Work to complete
Instruction for the entries that follow: retype exactly the lines from the line with "Assorted bright color" to the line with "10K White Gold", both included, and omit all others.

※

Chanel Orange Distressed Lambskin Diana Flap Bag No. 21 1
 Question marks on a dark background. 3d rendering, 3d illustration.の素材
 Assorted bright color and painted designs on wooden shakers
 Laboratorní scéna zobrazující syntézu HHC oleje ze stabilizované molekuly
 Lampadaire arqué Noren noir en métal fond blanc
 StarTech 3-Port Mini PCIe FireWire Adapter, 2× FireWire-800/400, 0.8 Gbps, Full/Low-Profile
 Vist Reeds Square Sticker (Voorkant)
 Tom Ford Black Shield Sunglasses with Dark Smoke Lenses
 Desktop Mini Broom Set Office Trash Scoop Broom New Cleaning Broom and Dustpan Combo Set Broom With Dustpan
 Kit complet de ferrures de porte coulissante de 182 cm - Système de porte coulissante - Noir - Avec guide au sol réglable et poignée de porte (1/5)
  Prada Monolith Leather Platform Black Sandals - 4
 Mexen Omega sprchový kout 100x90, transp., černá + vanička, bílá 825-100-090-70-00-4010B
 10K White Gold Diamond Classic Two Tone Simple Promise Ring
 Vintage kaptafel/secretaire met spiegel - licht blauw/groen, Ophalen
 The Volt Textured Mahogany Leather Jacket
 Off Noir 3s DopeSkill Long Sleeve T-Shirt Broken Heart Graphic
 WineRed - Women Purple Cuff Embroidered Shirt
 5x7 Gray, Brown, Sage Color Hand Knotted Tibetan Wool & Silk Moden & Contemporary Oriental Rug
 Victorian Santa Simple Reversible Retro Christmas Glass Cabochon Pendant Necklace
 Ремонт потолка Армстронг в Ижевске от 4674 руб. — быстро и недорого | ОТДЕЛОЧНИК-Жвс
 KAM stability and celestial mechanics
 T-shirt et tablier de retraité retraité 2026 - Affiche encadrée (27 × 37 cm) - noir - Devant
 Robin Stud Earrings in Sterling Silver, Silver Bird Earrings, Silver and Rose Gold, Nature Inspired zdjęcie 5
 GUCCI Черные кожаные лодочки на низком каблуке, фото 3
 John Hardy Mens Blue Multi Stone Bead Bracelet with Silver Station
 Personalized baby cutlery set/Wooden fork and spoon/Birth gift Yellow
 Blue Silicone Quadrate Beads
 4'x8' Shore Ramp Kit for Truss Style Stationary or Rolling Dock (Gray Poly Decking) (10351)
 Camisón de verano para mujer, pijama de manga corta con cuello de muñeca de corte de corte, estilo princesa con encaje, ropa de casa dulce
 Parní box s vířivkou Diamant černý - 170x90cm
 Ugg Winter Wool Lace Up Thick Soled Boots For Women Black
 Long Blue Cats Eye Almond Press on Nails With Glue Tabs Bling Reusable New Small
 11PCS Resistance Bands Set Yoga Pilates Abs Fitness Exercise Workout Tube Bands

※

Output of the task
 Assorted bright color and painted designs on wooden shakers
 Laboratorní scéna zobrazující syntézu HHC oleje ze stabilizované molekuly
 Lampadaire arqué Noren noir en métal fond blanc
 StarTech 3-Port Mini PCIe FireWire Adapter, 2× FireWire-800/400, 0.8 Gbps, Full/Low-Profile
 Vist Reeds Square Sticker (Voorkant)
 Tom Ford Black Shield Sunglasses with Dark Smoke Lenses
 Desktop Mini Broom Set Office Trash Scoop Broom New Cleaning Broom and Dustpan Combo Set Broom With Dustpan
 Kit complet de ferrures de porte coulissante de 182 cm - Système de porte coulissante - Noir - Avec guide au sol réglable et poignée de porte (1/5)
  Prada Monolith Leather Platform Black Sandals - 4
 Mexen Omega sprchový kout 100x90, transp., černá + vanička, bílá 825-100-090-70-00-4010B
 10K White Gold Diamond Classic Two Tone Simple Promise Ring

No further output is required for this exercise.